„Ich wollte schon gern ein Star werden“, gibt der ehemalige DDR-Musiker Andre Bauer zu. In seiner Stimme liegt Wehmut. Damals war es für Bands nicht leicht den richtigen Weg in die Musikwelt zu finden. Einige Sachen bereue der 55-Jährige, andere haben ihn stark geprägt. Von musikalischen, wie auch persönlichen Höhen und Tiefen handelt das Buch „The Dream behind the Wall – Die Story eines DDR-Amateurmusikers“ von Bauer, welches 2019 als zweite Auflage im Blueprint Verlag Weimar erschienen ist. Es geht um eine DDR-Jugend mit Rockmusik, den Alltag einer Band damals und auch diverse Anekdoten werden erzählt. Bevor im Herbst dieses Jahres dann die dritte Auflage des Buches, welche erweiterte Bilder und Infos erhält, erscheint, erzählt uns Andre Bauer von seinen Anfängen als Musiker. Ebenfalls im Herbst soll auch eine Doku auf Grundlage der Themen seines Buches im deutschen Heimatsender zu sehen sein.
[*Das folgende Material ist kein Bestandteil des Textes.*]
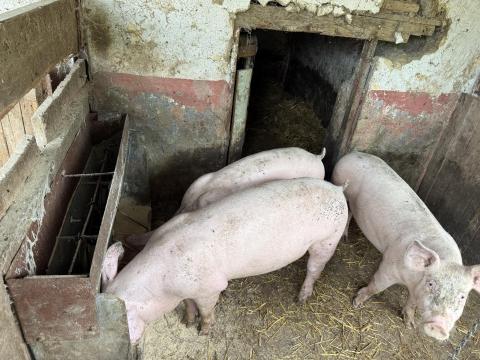 Eladó süldők Eladó süldők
„Mir wurde im Musikunterricht immer gesagt, dass ich eine schöne Stimme habe“
1968 wurde Bauer in Apolda geboren, 2006 zog es ihn schließlich nach Jena, wo er seitdem lebt. Aufgrund körperlicher Einschränkungen beziehe Bauer seit 2009 Erwerbsminderheitsrente, vorher habe er als Hotelfachmann gearbeitet. Gesungen habe Bauer schon immer gern. „Mir wurde im Musikunterricht früher immer gesagt, dass ich eine schöne Stimme habe“, ergänzt er. Mit elf Jahren sei er dann schließlich ins Gespräch mit einem Klassenkameraden gekommen, der Klavier und Bass gespielt habe. Als dann noch ein Schlagzeuger und zwei Mädchen, die Akustikgitarre spielten, dazukamen, habe sich seine erste Band fast wie von selbst gegründet.
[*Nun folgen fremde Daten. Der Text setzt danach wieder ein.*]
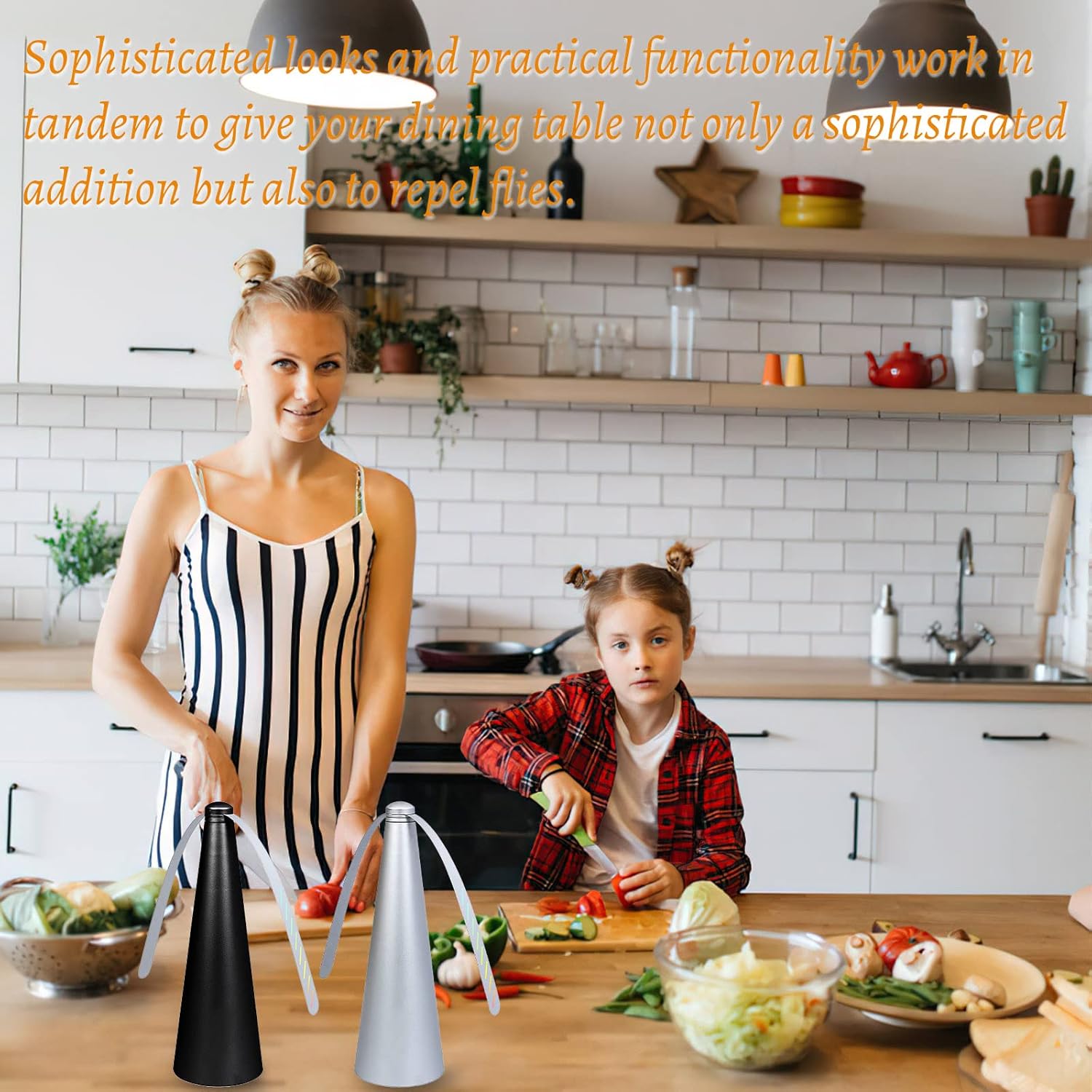 Ventilator pentru muște, vedere detaliată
Ihr Name „Sisyphus“ sei durch eine Platte der Rockband City inspiriert gewesen. Eines der Lieder habe den Namen „Sisyphus“ gehabt. Dem DDR-Staat sei der Bandname jedoch ein Dorn im Auge gewesen, da er zu unkonventionell für die damalige Zeit gewesen sei. Durch unschöne Umstände habe sich die Band im Jahr 1985 dann aufgelöst. Kurz darauf sei Bauers ehemalige Musikgruppe „The Vamps“ geboren wurden.
Kein leichter Alltag
„Sisyphus“ habe damals regelmäßig in einem Pionierhaus geprobt. Der Leiter dessen hatte zwei Söhne, die nach der Armee den Proberaum wiederhaben wollten. Die Söhne seien um einiges Älter gewesen, sie sollen die Band regelrecht rausgedrängt haben. Einige Bandmitglieder seien daraufhin aus der Gruppe ausgestiegen. Bauer und sein Freund hingegen seien gefragt wurden, ob sie denn nicht mit den anderen eine Band gründen wollen. Gesagt getan. „The Vamp“ entwickelte sich sehr gut, produzierte sogar 40 bis 60 Titel. „Ich konnte endlich Titel singen, die mir gut lagen, wir haben schließlich doch gut miteinander harmoniert“, so Bauer. Doch der Alltag einer Band sei in der DDR nicht leicht gewesen, schon immer habe Geld, so Bauer, eine große Rolle gespielt. Allein einen Transporter für Technik und Instrumente zu bekommen sei unfassbar schwierig gewesen. „Die Materialbeschaffung war nicht leicht. Einige Sachen wurden auf dem Schwarzmarkt verkauft. Unseren Transporter hatten wir von einer Band abgekauft“, erzählt der Musiker.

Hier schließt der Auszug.